At this time the Earl of Angus had gained sole custody of the young James V, and the power and influence of the Angus Red Douglases was at its height. In 1527 Isobel as "executrice" of her husband received £100 for an old royal debt owed to Murray. Her contemporary, the Jedburgh monk Adam Abell reflected on the career of Kilspindies' wife at this time in his chronicle The Roit and Quheil of Tyme. He was surprised by her involvement in public affairs, and he claimed that her influence and manners had had a negative effect on the Earl of Angus;"His pridefull wife Dik Oppar's douchter of Edinburgh wes callit my lady thesaurer, and it is saide sche wes ane compositor in the justice airis. And the common voice is that had not been hir heichness (haughtiness), the noble erll of Anguss had been peaceably now in Scotland."

Isobel Hoppar was a childhood companion or governess of Margaret Douglas the daughter of Margaret Tudor and the Earl of Angus, and mother of Henry Stuart, Lord Darnley.

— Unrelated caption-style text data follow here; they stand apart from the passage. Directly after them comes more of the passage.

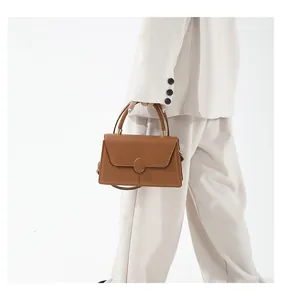 Detail der karamellbraunen Handtasche mit Metallschnalle und Griff auf weißem Outfit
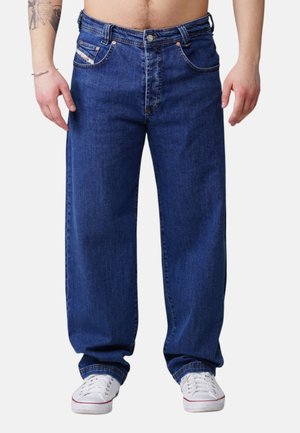 Mann trägt lockere dunkelblaue Jeans und weiße Turnschuhe, steht mit entspannten Händen neben dem Körper vor einem schlichten Hintergrund.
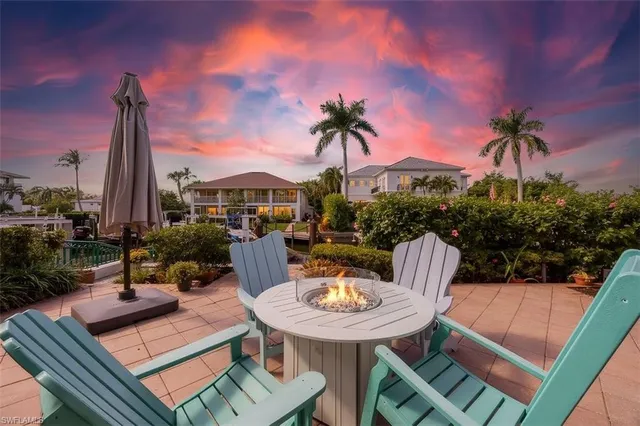 a view of a terrace with furniture and a potted plant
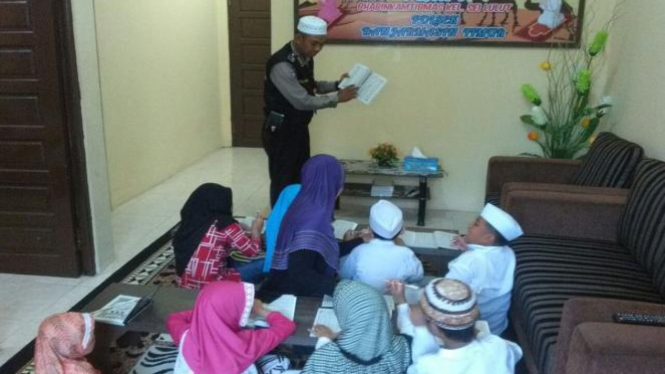 Bripka Fery mengajari anak-anak baca tulis Alquran.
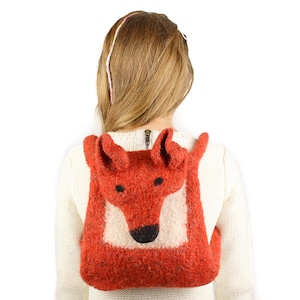 May include: A red fox-shaped backpack made of felt with a white face and black eyes. The backpack is being worn by a person with long blonde hair.
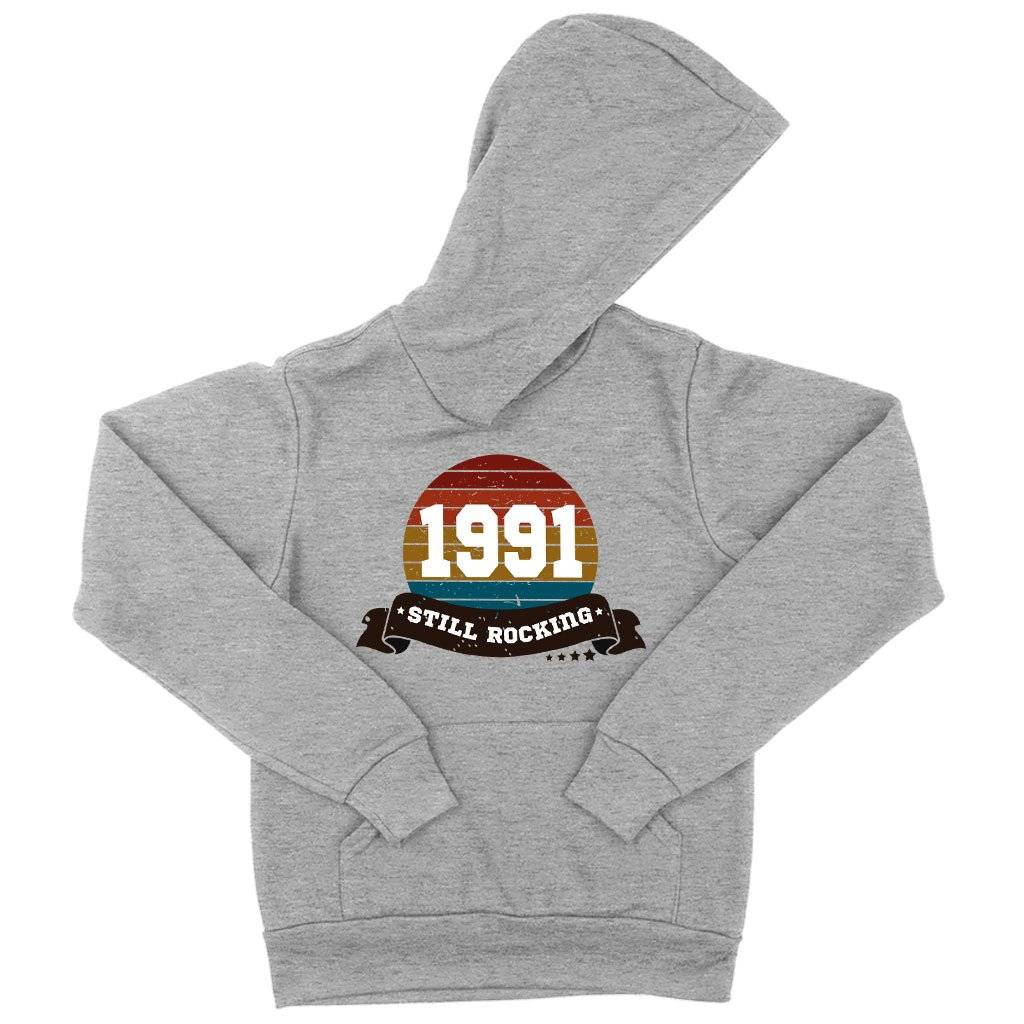 64484-08ae08.jpeg Kids' Sponge Fleece 1991 Still Rocking Hoodie - 1991 Hoodie - 1991 Clothing Kids & Baby Kids' Clothing Color : Athletic Heather|Black|Military Green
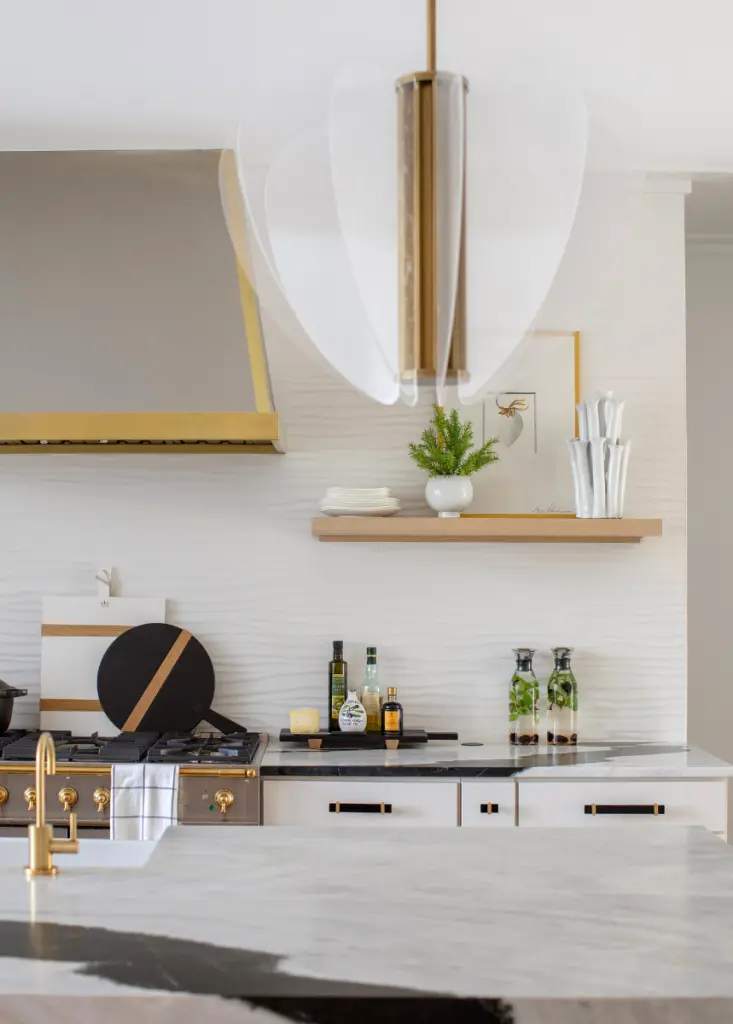 A black and white kitchen with strong gold accents for a bold modern look decorated by CHD Interiors.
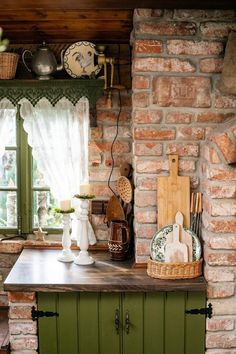 a kitchen with green cabinets and brick walls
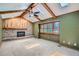 Cozy living room featuring vaulted ceilings with skylights, wood beams and brick fireplace at 20596 E Shefield Ct, Parker, CO 80138
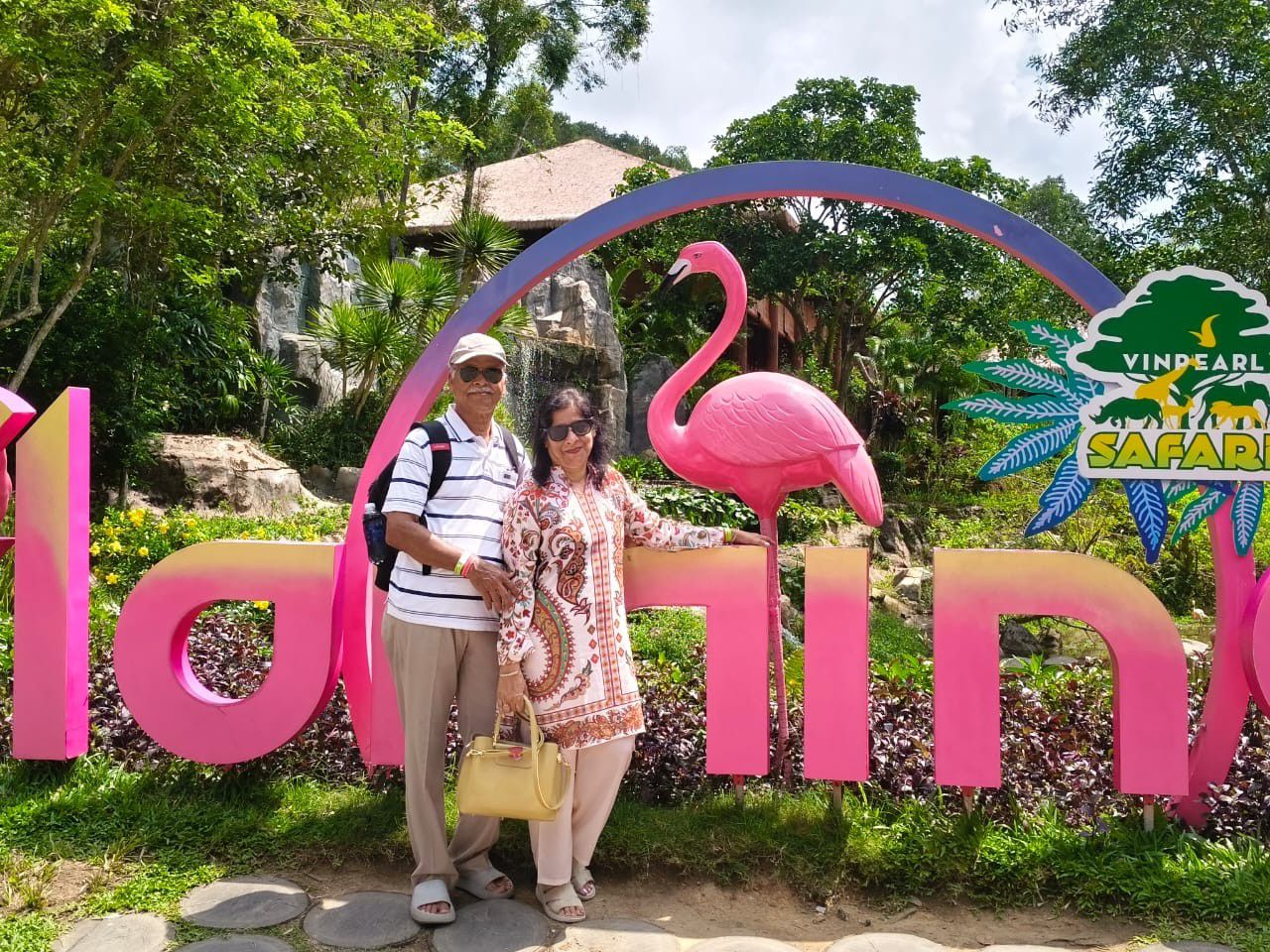 Mugdha and her husband beside a pink flamingo statue and a Vinpearl Safari sign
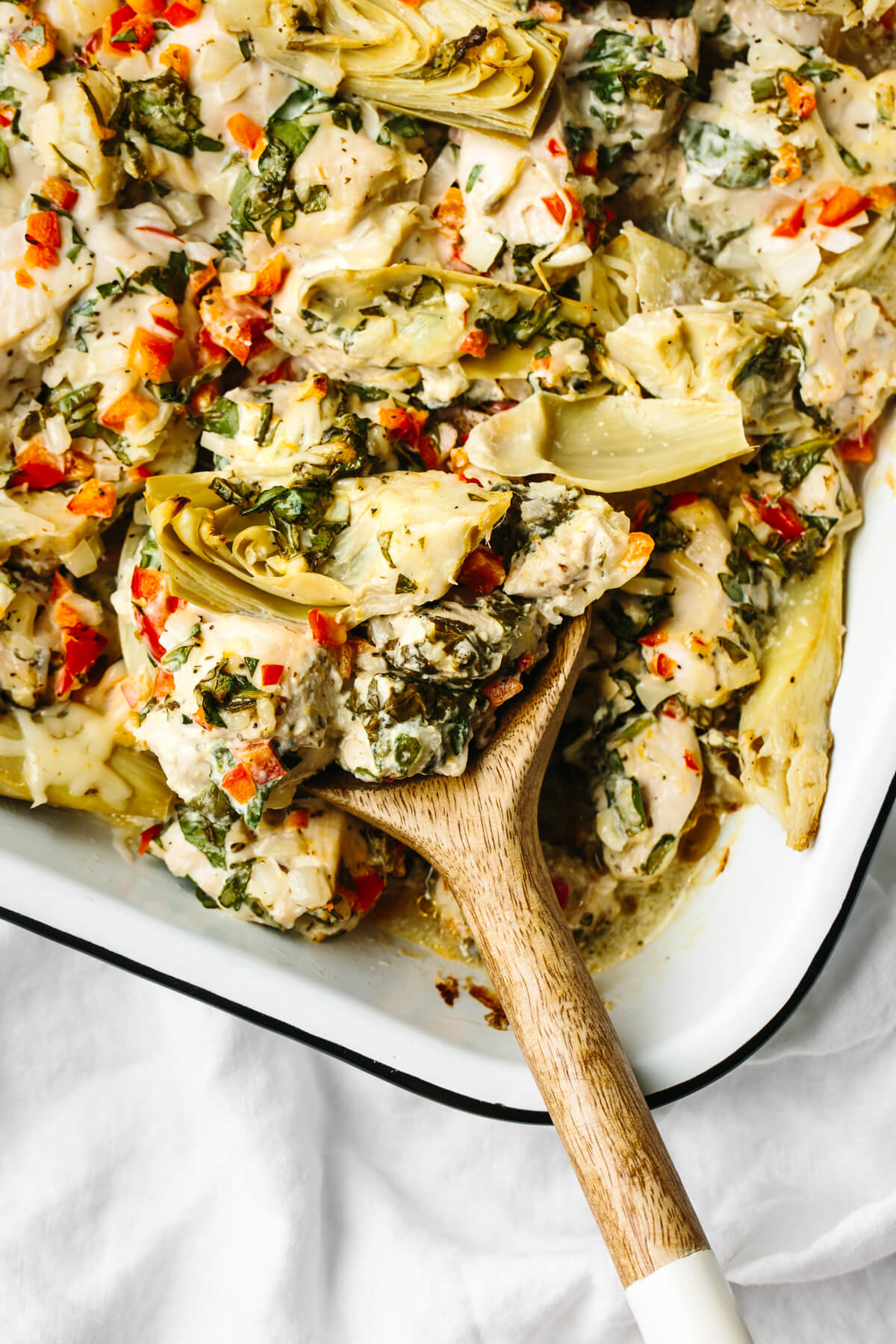 A wooden spin digging into a spinach artichoke chicken bake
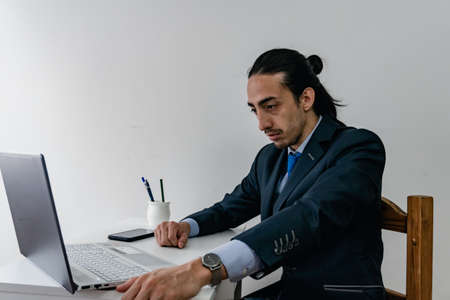 businessman at a conference on his home computer wearing a monochrome blue suit and titanium watch, with a cell phone on the table and some pens. Labor dayの写真素材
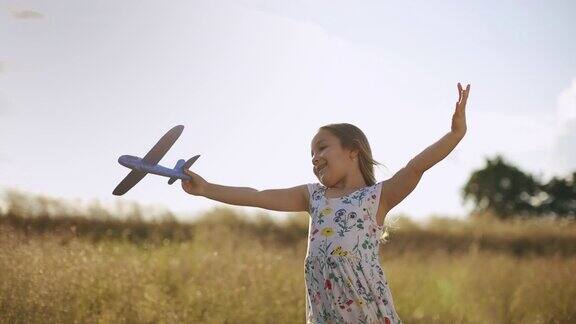 日落时分美丽的小女孩和她的飞机玩具在草地上奔跑慢动作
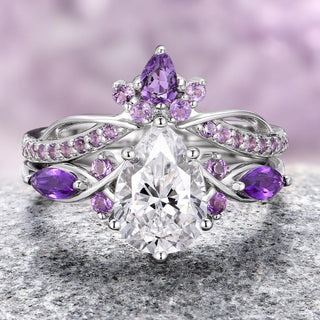 A lab-grown diamond and amethyst ring set in 14K white gold, featuring a teardrop-shaped center diamond surrounded by a halo of round amethyst stones on a textured background.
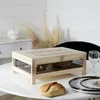 A wooden cheese cellar with a glass lid sits on a white table, with a loaf of bread and a plate in the foreground. Voir les images du produit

When James V reached his majority and escaped from the Douglases in 1528, he began to take revenge on the Douglas family. Archibald and Isobel lost the Forrester house, and the lands she held near Peebles. On Saturday 5 September 1528 the Earl of Angus shouted over the Tweed to the Earl of Northumberland's steward Roger Lassells that he should expect them and the young Earl of Huntly as refugees at Norham Castle. If his family was forced into exile, Lassels would provide a chamber at Norham for Margaret Douglas, and Isobel Hoppar would wait on her. Margaret was delivered to England at Norham in October. Isobel continued to serve her great-niece Margaret as her "gentlewoman" at Berwick Castle.

The English diplomat Thomas Magnus noted that Isobel was a powerful character in the Douglas family dynamic. He wrote, sharing the opinion of the 'common voice' recorded by Adam Abell, that Isobel "totally ordoured" Kilspindie, and in turn Kilspindie and George Douglas had brought the Earl of Angus to his troubles;"the Erle of Angus was ... I suppoos of trouth, totally ordoured not of hym self but by his frendes, and specially by George his broder, as is Archebalde by his wiff. Which twayne, by reporte, have brought thaym all to this trouble and busyness."

Kilspindie's Edinburgh house was given to the new royal treasurer Robert Cairncross. In February 1529 Isobel's lands at Staneburn near Linlithgow were given to Gavin Hamilton, and her rents, crops, and livestock at Blackbarony and 'Puro' (which she held conjointly with her husband) were given to Patrick Hepburn of Wauchtoun.

Isobel was described as Kilspindie's widow in 1536. In 1538 she was pursuing a legal dispute with James Spens, a servant of James V. The King asked the judges to delay proceedings until he gave his personal opinion. The lawyer acting for Isobel as her 'procurator' was Hugh Rig of Carberry, whose wife, Janet Hoppar, was Isobel's niece.

==Children==
Isobel's children included;
- Andrew Murray of Blackbarony (d.1572), married Elizabeth Lockhart, and secondly Grisel Beaton the mother of Gideon Murray.
- Archibald Douglas of Kilspindie II, Provost of Edinburgh in 1554, 1559 and 1562.